I grew up in the Mojave desert. Every couple of years, we'd get a good snowfall...but on the off years, people would wire together tumbleweeds and decorate them like snowmen!

Stephanie Black said...

I have family in St. George and their kids had SO much fun in the snow (well, except the one niece who is such a skinny little thing that she has no body fat to keep her warm!)

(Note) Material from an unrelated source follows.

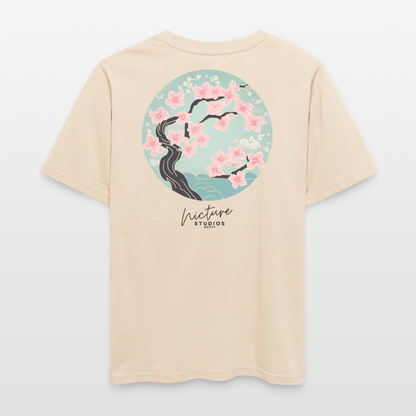 Cherry Blossom Japanese Relaxed Fit Unisex Bio-T-Shirt - Weißgrau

Here in CA, we haven't gotten snow, but we got frost last night, which brought the leaves from our ginko tree down in a deluge. It was very cool--looked like it was snowing leaves, and they even piled up on the car.

Shirley Bahlmann said...

Yeah, my son in St. George sent me pictures of my 2-year-old grandson standing by a snowman nearly as tall as he was! Then little Connor laughed when his dad hit him in the head with a snowball.